Simple Linear Regression

For simple linear regression we follow the conventions below.

Observations and Estimates

The Forecasting library uses as input data observations for the independent variable and the dependent variable. It provides estimates for the coefficients of the simple linear regression line.

Simple Linear Regression Notation

\(N\)

number of observations

\(x_i, i \in \{1\ldots N\}\)

observations of the independent variable

\(y_i, i \in \{1\ldots N\}\)

observations of the dependent variable

\(\bar{x}=(1/N)\sum_{i=1}^{N}x_{i}\)

average of the independent observations

\(\bar{y}=(1/N)\sum_{i=1}^{N}y_{i}\)

average of the dependent observations

\(\hat{y}_i, i \in \{1\ldots N\}\)

predictions of the dependent variable

\(\beta_{0}, \beta_{1}\)

coefficients of the linear relationship (random)

\(\hat{\beta}_{0}, \hat{\beta}_{1}\)

coefficients of the linear regression line (estimates)

\(e_i, i \in \{1\ldots N\}\)

error (residual) for observation data points

Linear Relationship

The linear relationship between \(x_i\) and \(y_i\) is modeled by the equation:

\[y_i = \beta_{0} + \beta_{1}x_i + \epsilon_i\]

where \(\epsilon_i\) is an error term which averages out to 0 for every \(i\).

Linear Regression

The random \(\beta_{0}\) and \(\beta_{1}\) are estimated by \(\hat{\beta}_{0}\) and \(\hat{\beta}_{1}\), such that the prediction for \(y_i\) is given by the equation:

(1)\[\hat{y}_i = \hat{\beta}_{0} + \hat{\beta_{1}}x_i\]

So, the predictions based on simple linear regression corresponding to the observation data points \((x_i,y_i)\) are provided in \(\hat{y}_i, i \in \{1\ldots N\}\).

Residuals

The error (residual) \(e_i\) for the data point \(i\) is the difference between the observed \(y_i\) and the predicted \(\hat{y}_i\), so \(e_i = y_i - \hat{\beta}_0 - \hat{\beta}_1x_i\).
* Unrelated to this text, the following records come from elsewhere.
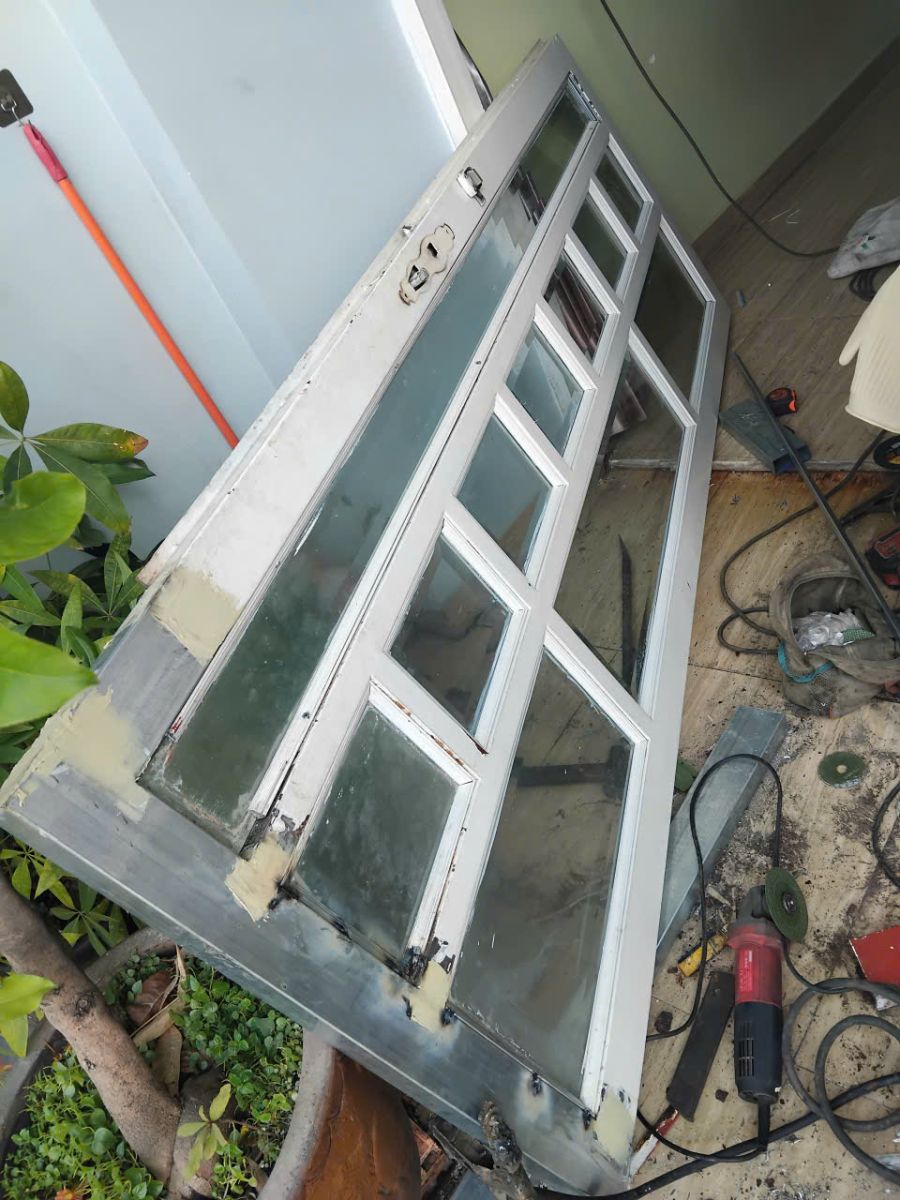 sửa cửa sắt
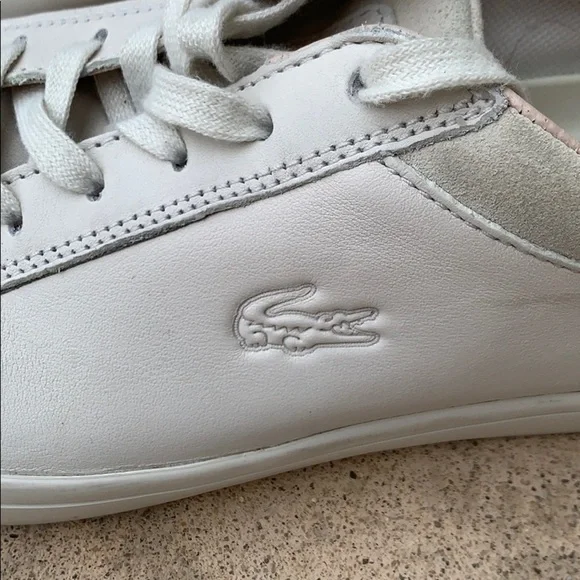 💚Lacoste Off White Leather Straightset Shoe Size 9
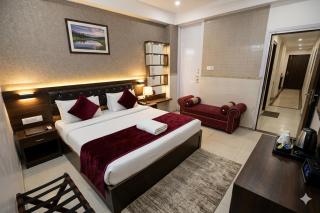 Hotel SPS 5 Mints Walking From Kaushambi Delhi Metro Station - 7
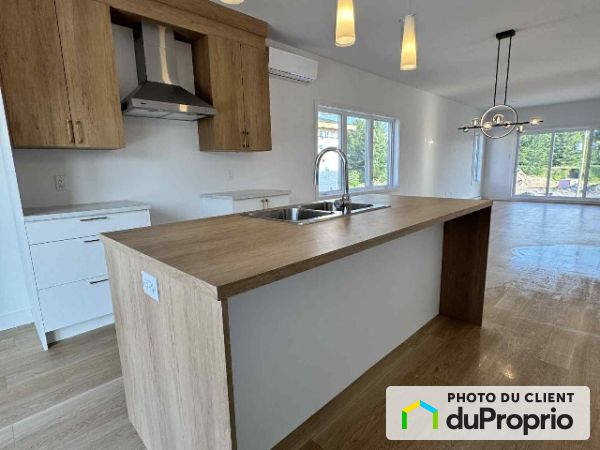 Apartment Kitchen - 653 Rue de la Traverse, Farnham for rent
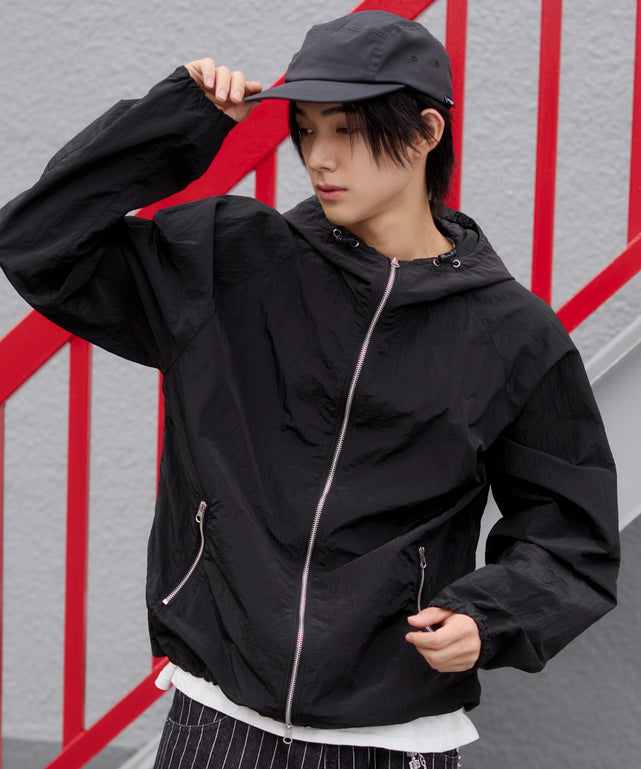 ブラック モデル：175cm L着用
In order to obtain the residuals, the user will need to provide a one-dimensional parameter declared over the set of observations.

Variation Components

Given the values of the observations, the estimates, and the residuals, several components of variation can be computed, such as sum of squares total = SST, sum of squares error = SSE, and sum of squares regression = SSR, which are defined as follows:

\[SST = \sum_{i=1}^{N}(y_i - \bar{y})^2\]
\[SSE = \sum_{i=1}^{N}(y_i - \hat{y}_i)^2 = \sum_{i=1}^{N}e_i^2\]
\[SSR = \sum_{i=1}^{N}(\hat{y}_i - \bar{y})^2\]

These components of variation satisfy the relation \(SST = SSE + SSR\).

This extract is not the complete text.